Nous sommes dans les années 1940, 1950, 1960… Dans les gares, les aéroports, aux frontières, en bateau ou en voiture, ils sont des centaines de milliers à arriver en France après avoir quitté leur pays natal, leur famille, leurs racines. La France voit en eux des bras qui, à moindre coût, lui permettront de se relever de la seconde guerre mondiale. Eux rêvent à une vie meilleure, laquelle se résume souvent à épargner suffisamment d’argent pour un jour retourner au pays tout en envoyant de quoi faire vivre la famille restée là-bas en attendant. Il peut s’agir de grands-parents, de parents, de frères, de sœurs, d’épouses, d’enfants…
Beaucoup d’entre eux ne connaissent pas leur date de naissance. Elle a donc été établie d’office par l’administration coloniale au 1er janvier. Si tous les travailleurs immigrés connaissent souvent avec précision la date de leur arrivée en France, ils ignorent parfois celle de leur arrivée au monde.

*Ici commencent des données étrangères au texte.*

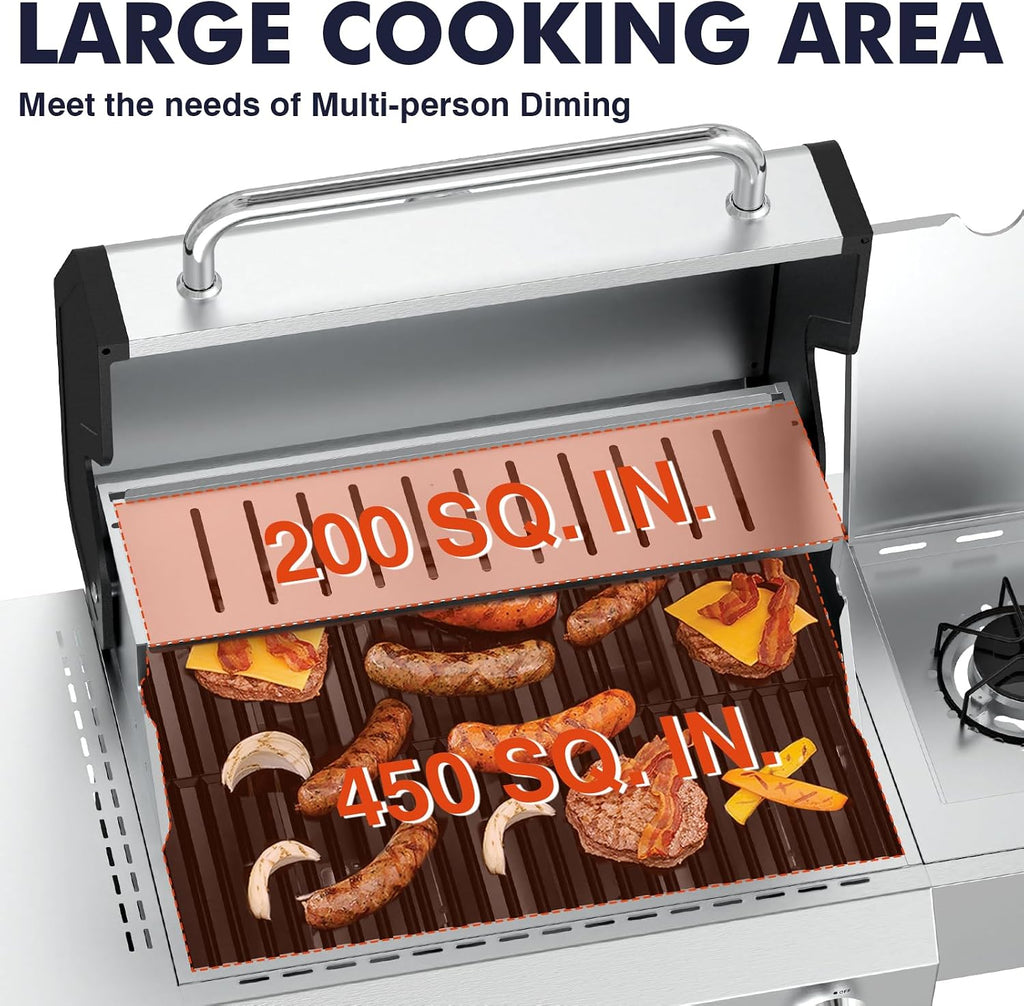 Llamaviva 4 Burner Gas Grill with Side Burner 60000 BTU Propane Flat Top Grill Stainless Steel Outdoor BBQ Grill Portable with Wheels for Patio Camping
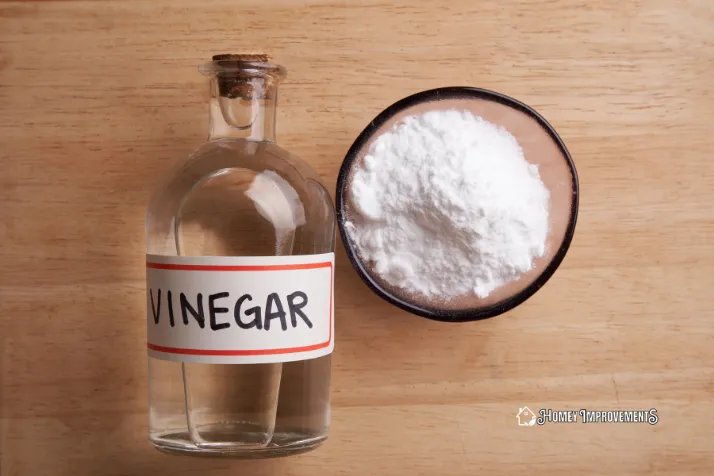 Solution of baking soda with vinegar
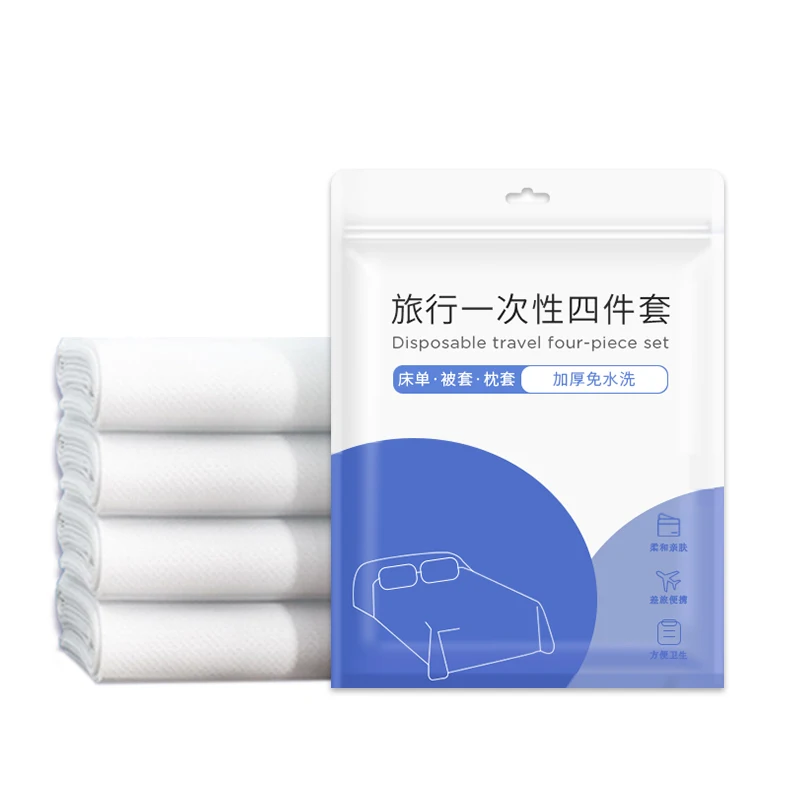 Wholesale Disposable Bed Sheets Cover Pillowcase Portable Size Travel SMS Non Woven Bedding Set for Hotel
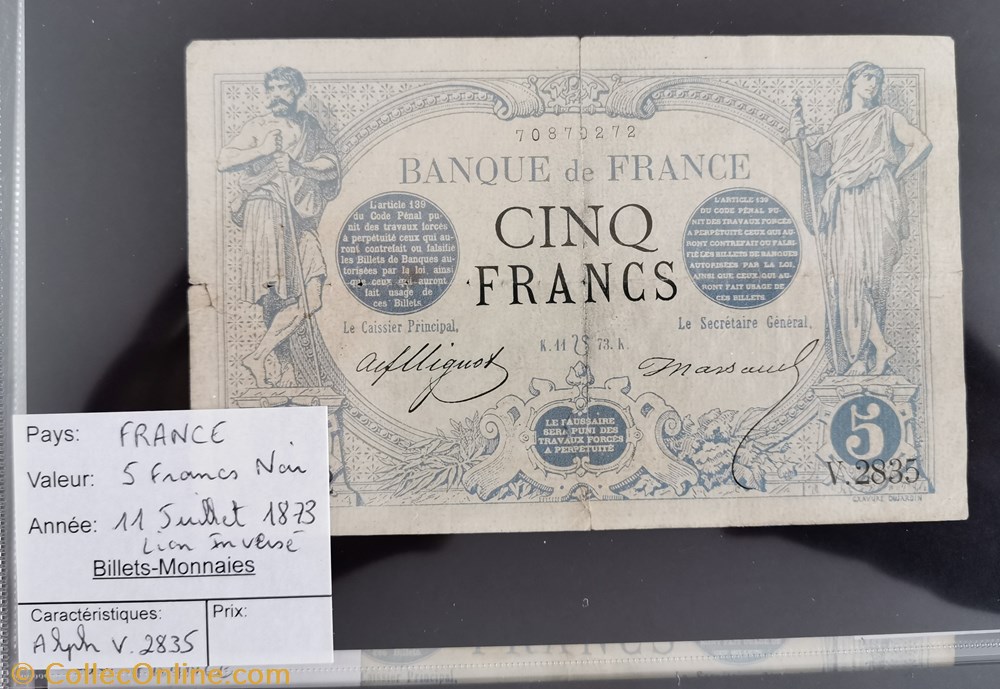 5 francs Noir billet europe france 5 francs noir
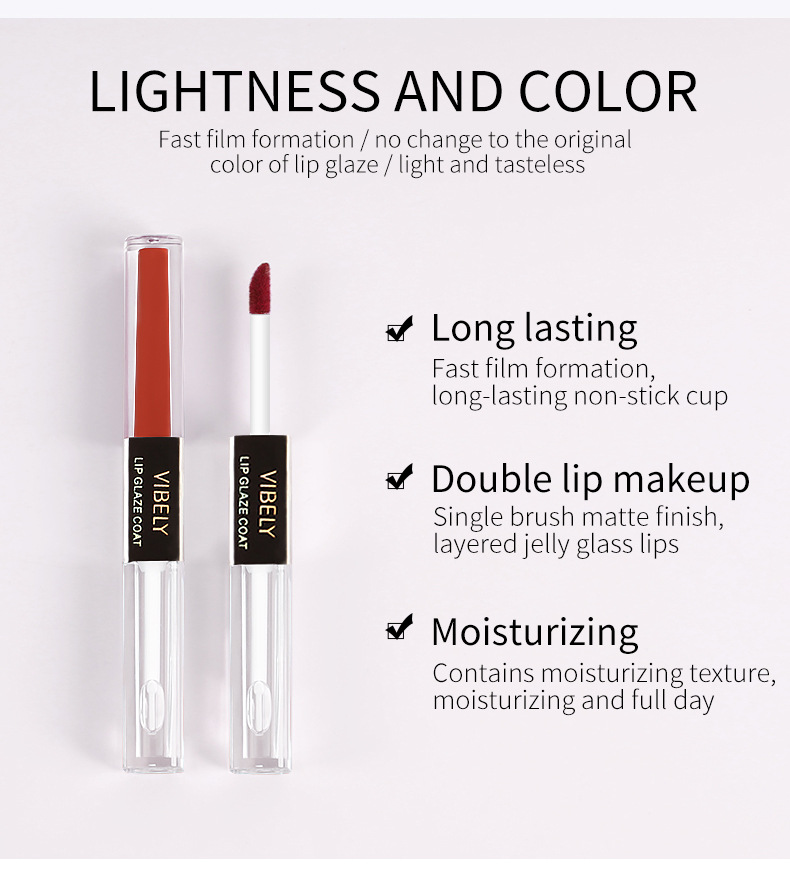 VIBELY Double-head Lip Gloss Raincoat, non-stick cup, Water Gloss mirror Lip Gloss Raincoat, Lipstick Setting Wonder, Setting liquid undefined
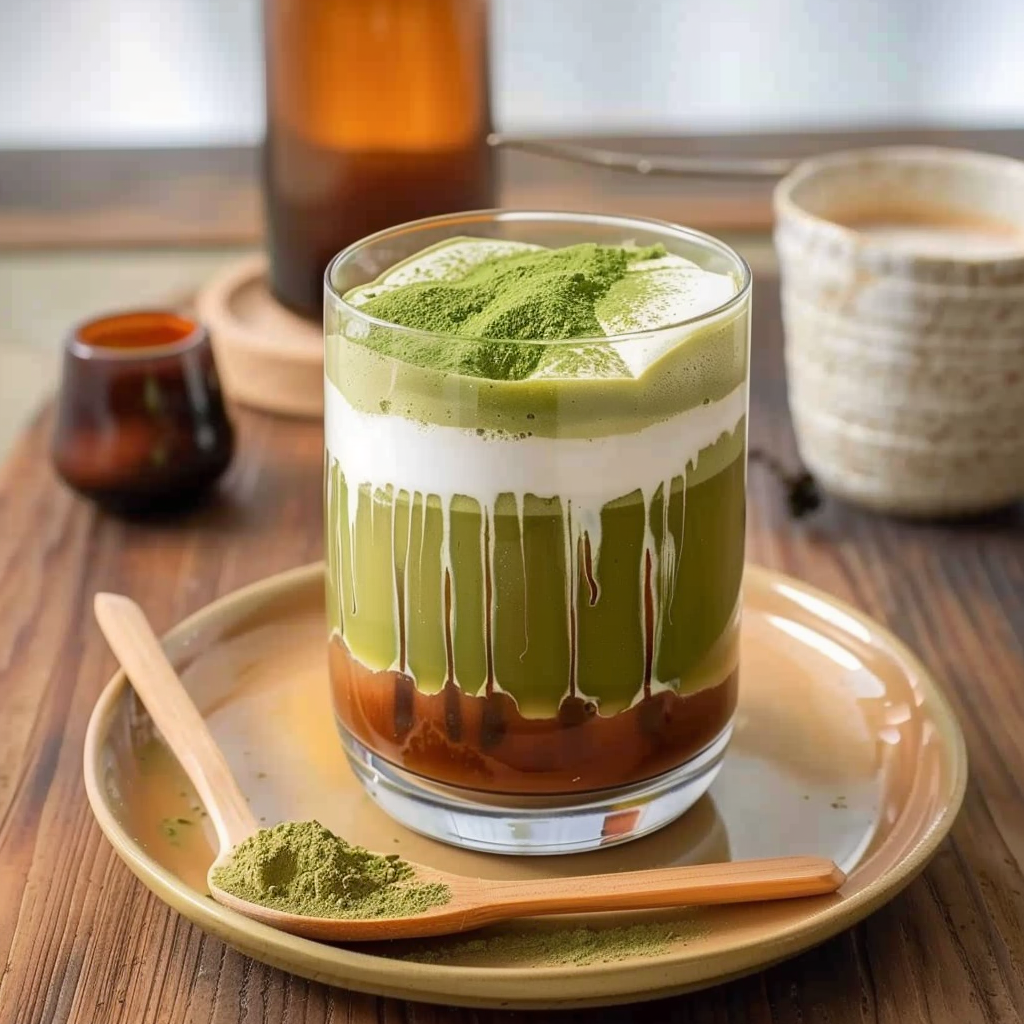 Recipe preparation for Matcha Coffee Latte
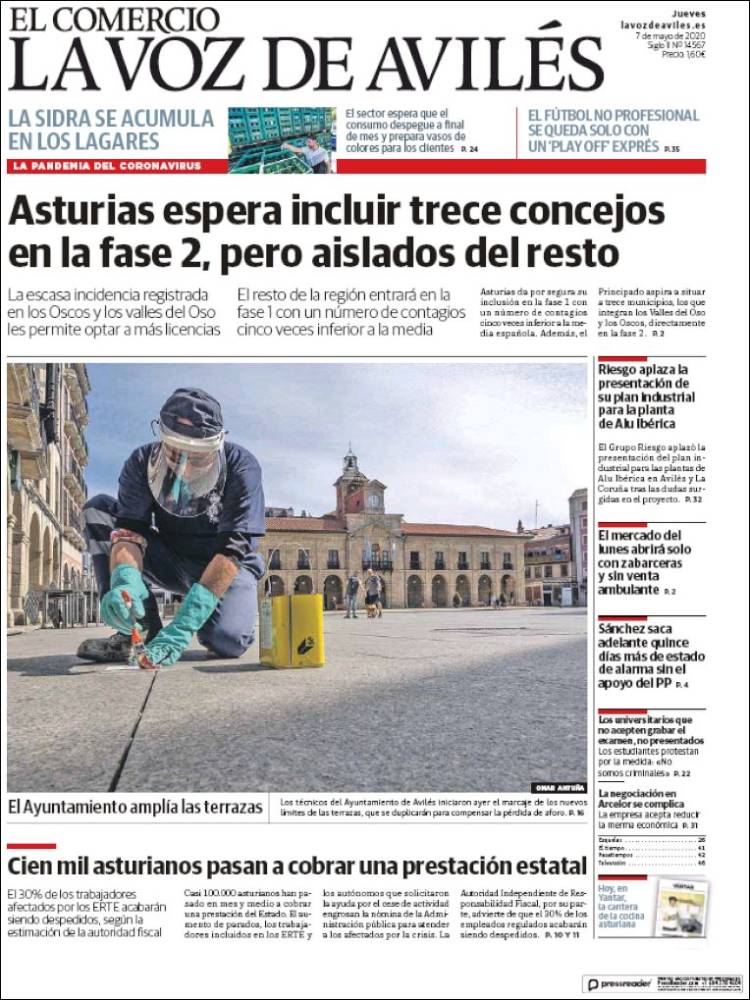 Portada de El Comercio - Avilés (Spain)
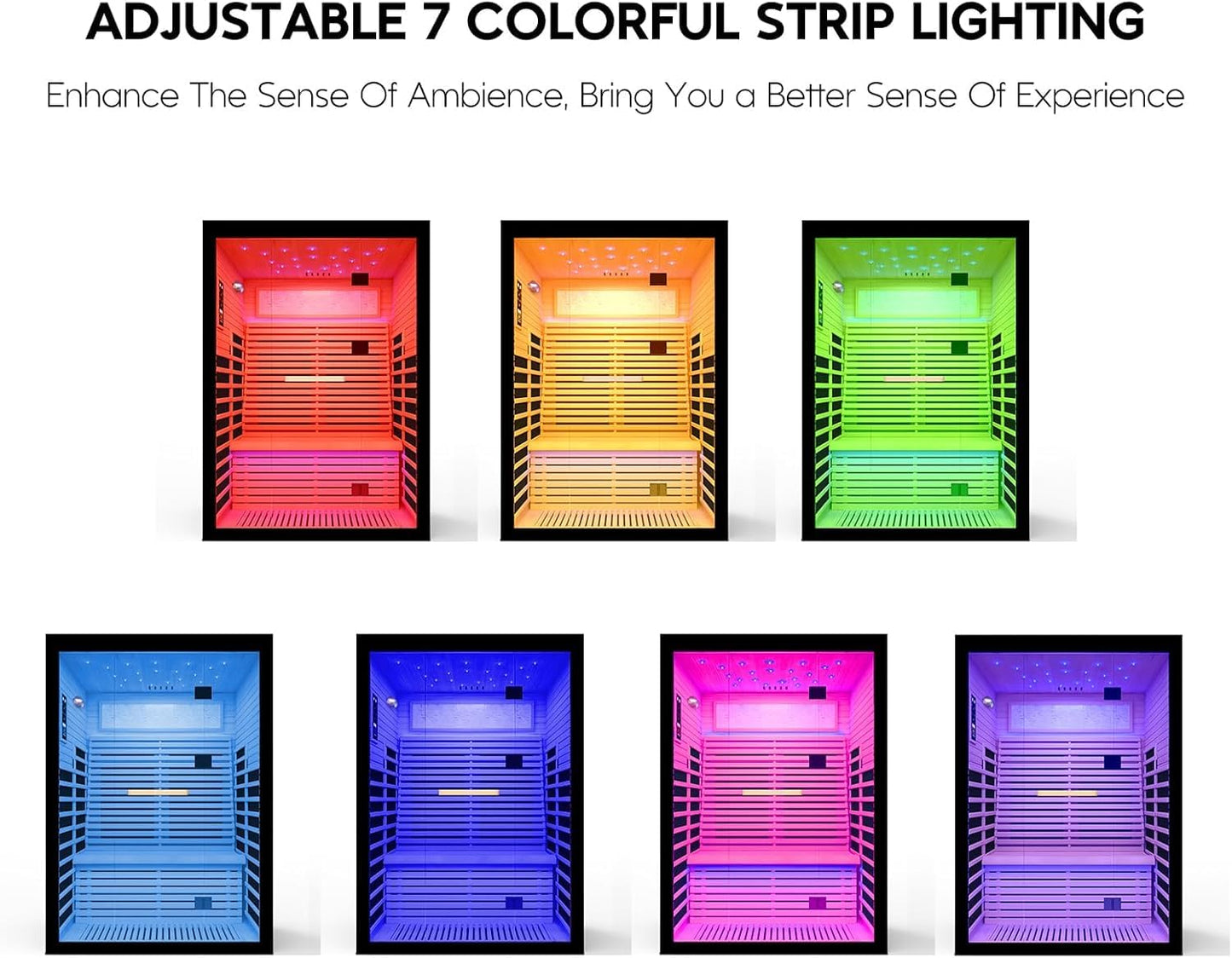 Infrared Sauna for 2 Person, Far Infrared Home Dry Sauna, Low EMF Canadian Hemlock Wood Sauna for Men Women Elder Indoor Use, Starry Starlight Ceiling, Fast Heating Easy Assembly 53.2×47.2×74.8"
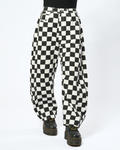 CHECKERED BARREL LIGHTWEIGHT JEANS IN BLACK + WHITE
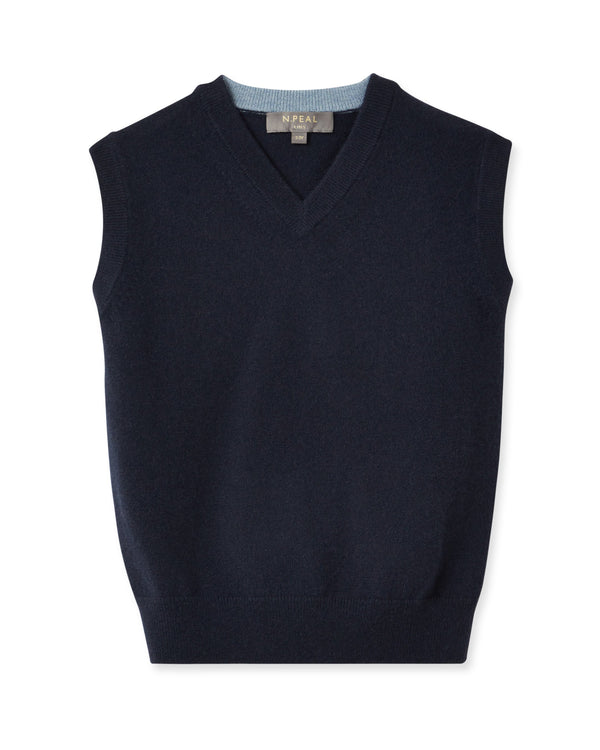 n.peal Boys Cashmere Slipover In Navy Blue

Certains seront recrutés pour travailler dans les mines de l’est de la France, notamment par Félix Mora, d’autres se retrouvent à travailler à la chaîne, d’autres encore occupent les chantiers de construction. Ils viennent d’Afrique du Nord ou de l’Ouest, du sud de l’Europe ou de l’Asie. En 1954, 65 % des personnes actives étrangères sont des ouvriers, le taux passe à 77 % en 1975.
Oubliés des livres d’histoire
Durant des années, ces immigrés ont travaillé, souvent dans des conditions précaires, à faire des métiers pénibles, affrontant le racisme, la solitude, les blessures de l’exil, le déclassement, les désillusions aussi. Certains ont vécu ici sans reconnaissance, d’autres ont réussi à s’enraciner, à faire venir leurs proches, à élever leurs enfants dans ce pays, tout en gardant la mémoire de celui qu’ils avaient quitté.
Loin de l’image silencieuse et docile que certains ont d’eux, ils ont pu se constituer en association ou en syndicat pour faire valoir leurs droits ou protester contre les crimes racistes, notamment dans les années 1970, avec les luttes dans les foyers Sonacotra [devenue Adoma] ou avec le Mouvement des travailleurs arabes. Ils ont eu un engagement décolonial, comme en témoigne la mobilisation des « travailleurs indochinois » en pleine guerre d’indépendance.